Ces considérations reflètent notre état d’âme et ne sauraient exprimer le sentiment de toute la collectivité haïtienne. En ce sens, nous pensons qu’un débat national ouvert devrait faire ressortir le point de vue des différents secteurs de la société. .
En cas de représailles de l’Etat dominicain, nous devons envisager des mesures pouvant nous permettre de contrecarrer en toute dignité les méfaits immédiats que causerait une telle réaction.
Le rapatriement massif de ressortissants haïtiens se trouvant en situation irrégulière nous parait peu probable, vu l’importance de la main d’œuvre haïtienne en RD. En cas de rapatriements ciblés, L’aide de la communauté internationale, par le biais de la Croix Rouge internationale et des organismes de droits de l’homme, pourrait être sollicitée.
L’arrêt de l’importation de produits alimentaires et autres provenant de la RD permettrait de s’orienter vers d’autres fournisseurs de la région : Le Venezuela en particulier et d’autres pays voisins en général. Nous osons même dire que l’Etat Haïtien en tirerait un meilleur profit, vu que la contrebande qui se pratique à la frontière terrestre serait mieux contrôlée au niveau des douanes maritimes.

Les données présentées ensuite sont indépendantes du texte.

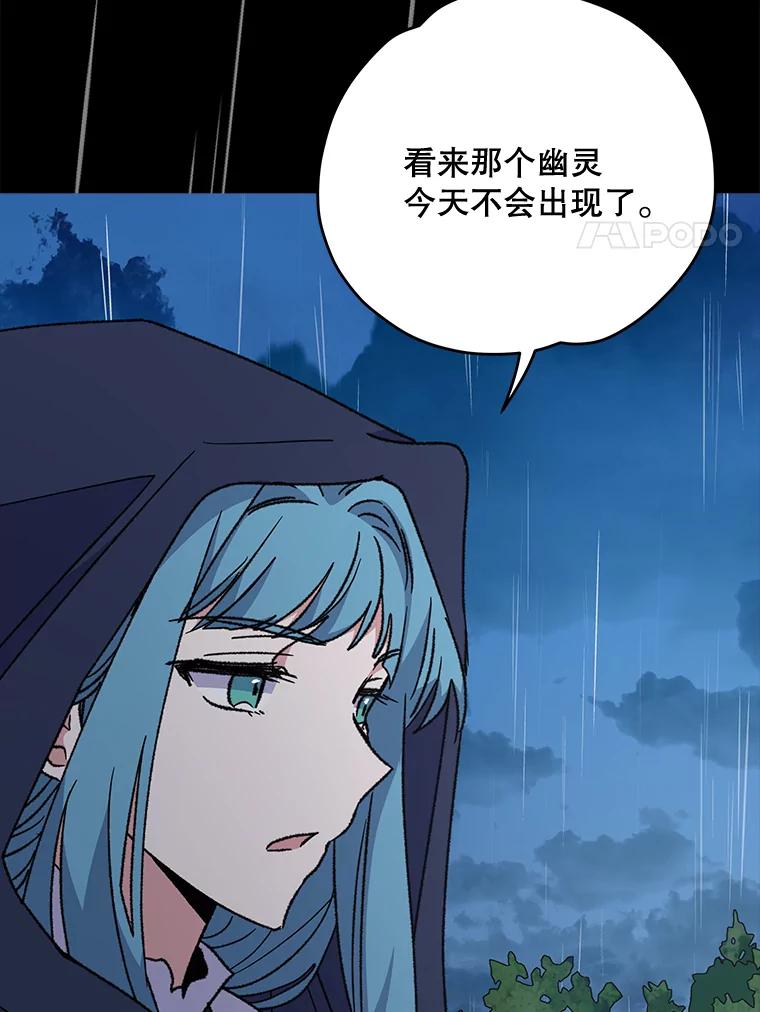 《伊格列特》55.偶遇幽灵 第86页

Le problème des étudiants Haïtiens se trouvant en RD devrait connaitre un accommodement de la part des autorités dominicaines, du fait que la présence de cette communauté estudiantine rapporte à l’Etat dominicain la bagatelle de $ US 120.000.000/an. Somme qui est loin d’être négligeable pour les universités dominicaines. Si par stupidité, ou pour des raisons de sécurité, nos compatriotes étudiants se verraient dans la pénible obligation de discontinuer leurs études en RD, des parades efficaces pourraient être envisagées. Il s’agirait de les canaliser vers d’autres universités de la région : Porto-Rico, Mexique, comme cela se pratiquait dans les années 70, Vers certains pays de l’Amérique latine tels que : Cuba, Le Venezuela, La Colombie ect. L’université Antilles- Guyane demeure une option valable. Et au-delà du continent les universités africaines ou européennes offrent aussi d’énormes possibilités. La France présente l’avantage d’offrir des études sans frais aucun à des étudiants étrangers. En dernier recours, pour les parents qui le peuvent, les universités canadiennes et américaines sont accessibles.
Au delà de toute capitulation, des solutions existent. Que vive Haïti dans la dignité !
Pèlerin, novembre 2013.
Robert Paret- paretrobert@yahoo.fr
PS : Dans deux de mes précédents articles sur le sujet, j’ai eu à attribuer le titre
« Sucre amer » à Claude Julien, alors que l’inspiration est de Maurice Lemoine. L’auteur
Voudra bien m’excuser de cet impair.